ASSIGNED TASK: Which of the lines below contain the string "warm"? Pull each one out of the data.
━━ PROVIDED DATA
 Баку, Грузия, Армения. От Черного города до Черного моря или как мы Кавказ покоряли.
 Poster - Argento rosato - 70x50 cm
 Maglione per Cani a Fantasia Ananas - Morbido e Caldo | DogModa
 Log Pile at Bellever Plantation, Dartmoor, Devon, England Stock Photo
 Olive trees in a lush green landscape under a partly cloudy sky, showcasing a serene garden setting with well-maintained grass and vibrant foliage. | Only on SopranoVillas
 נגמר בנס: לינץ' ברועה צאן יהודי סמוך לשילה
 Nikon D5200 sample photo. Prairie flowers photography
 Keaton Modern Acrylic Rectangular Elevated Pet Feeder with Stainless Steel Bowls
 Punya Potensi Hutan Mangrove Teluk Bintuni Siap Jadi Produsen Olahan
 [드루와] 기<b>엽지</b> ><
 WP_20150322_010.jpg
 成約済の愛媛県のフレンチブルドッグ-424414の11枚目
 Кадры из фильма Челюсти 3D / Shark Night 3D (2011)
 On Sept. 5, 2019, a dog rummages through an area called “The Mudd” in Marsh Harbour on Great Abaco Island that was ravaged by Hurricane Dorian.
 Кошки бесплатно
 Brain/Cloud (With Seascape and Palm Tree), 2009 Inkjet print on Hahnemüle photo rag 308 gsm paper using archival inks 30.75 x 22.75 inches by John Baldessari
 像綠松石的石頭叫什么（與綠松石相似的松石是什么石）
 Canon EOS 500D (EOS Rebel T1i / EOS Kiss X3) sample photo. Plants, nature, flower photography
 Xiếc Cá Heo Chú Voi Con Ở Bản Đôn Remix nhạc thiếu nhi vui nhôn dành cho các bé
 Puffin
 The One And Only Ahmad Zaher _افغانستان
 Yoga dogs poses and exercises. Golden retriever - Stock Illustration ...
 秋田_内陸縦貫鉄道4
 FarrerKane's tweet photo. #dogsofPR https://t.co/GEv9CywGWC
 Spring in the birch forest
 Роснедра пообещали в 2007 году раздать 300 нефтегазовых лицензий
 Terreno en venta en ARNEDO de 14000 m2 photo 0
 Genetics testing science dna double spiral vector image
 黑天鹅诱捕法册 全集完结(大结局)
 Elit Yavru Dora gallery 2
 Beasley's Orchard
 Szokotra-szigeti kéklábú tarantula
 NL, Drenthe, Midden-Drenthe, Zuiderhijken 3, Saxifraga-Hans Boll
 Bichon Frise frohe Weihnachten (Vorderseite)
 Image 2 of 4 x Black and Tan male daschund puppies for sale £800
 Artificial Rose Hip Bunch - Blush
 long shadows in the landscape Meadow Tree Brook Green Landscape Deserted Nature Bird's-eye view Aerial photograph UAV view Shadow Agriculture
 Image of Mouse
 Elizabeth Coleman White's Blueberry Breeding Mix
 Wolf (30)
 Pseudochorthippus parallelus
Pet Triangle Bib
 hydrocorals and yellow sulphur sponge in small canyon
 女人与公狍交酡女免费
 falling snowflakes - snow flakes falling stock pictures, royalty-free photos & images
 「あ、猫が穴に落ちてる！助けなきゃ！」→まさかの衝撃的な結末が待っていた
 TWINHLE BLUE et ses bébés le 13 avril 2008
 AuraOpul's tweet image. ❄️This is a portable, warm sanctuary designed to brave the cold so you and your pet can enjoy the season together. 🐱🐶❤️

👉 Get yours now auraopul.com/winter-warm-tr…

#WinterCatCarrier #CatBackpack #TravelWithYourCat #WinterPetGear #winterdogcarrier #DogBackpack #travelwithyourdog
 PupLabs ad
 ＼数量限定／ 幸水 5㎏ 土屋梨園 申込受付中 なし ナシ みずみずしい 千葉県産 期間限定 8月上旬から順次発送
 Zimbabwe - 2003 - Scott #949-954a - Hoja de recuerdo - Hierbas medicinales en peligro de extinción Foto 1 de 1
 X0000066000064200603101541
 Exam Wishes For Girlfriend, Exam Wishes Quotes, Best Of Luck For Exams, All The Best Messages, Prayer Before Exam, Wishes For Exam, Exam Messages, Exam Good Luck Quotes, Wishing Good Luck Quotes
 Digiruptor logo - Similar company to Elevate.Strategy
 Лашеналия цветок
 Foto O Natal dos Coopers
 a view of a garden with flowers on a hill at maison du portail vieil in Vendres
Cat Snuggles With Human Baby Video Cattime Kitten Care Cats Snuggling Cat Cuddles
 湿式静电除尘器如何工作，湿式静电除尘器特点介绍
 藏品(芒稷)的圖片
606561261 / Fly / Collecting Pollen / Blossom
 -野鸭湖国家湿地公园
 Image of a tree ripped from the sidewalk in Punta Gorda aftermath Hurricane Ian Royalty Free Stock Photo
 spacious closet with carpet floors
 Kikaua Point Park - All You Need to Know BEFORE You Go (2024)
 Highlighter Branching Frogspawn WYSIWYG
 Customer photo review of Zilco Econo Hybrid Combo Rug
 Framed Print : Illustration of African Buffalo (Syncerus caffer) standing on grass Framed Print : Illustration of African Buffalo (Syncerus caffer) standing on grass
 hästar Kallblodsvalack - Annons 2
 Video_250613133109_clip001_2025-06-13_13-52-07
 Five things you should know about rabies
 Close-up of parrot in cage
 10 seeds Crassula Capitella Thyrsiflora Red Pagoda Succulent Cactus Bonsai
━━━━
EXERCISE SOLUTION:
 AuraOpul's tweet image. ❄️This is a portable, warm sanctuary designed to brave the cold so you and your pet can enjoy the season together. 🐱🐶❤️
👉 Get yours now auraopul.com/winter-warm-tr…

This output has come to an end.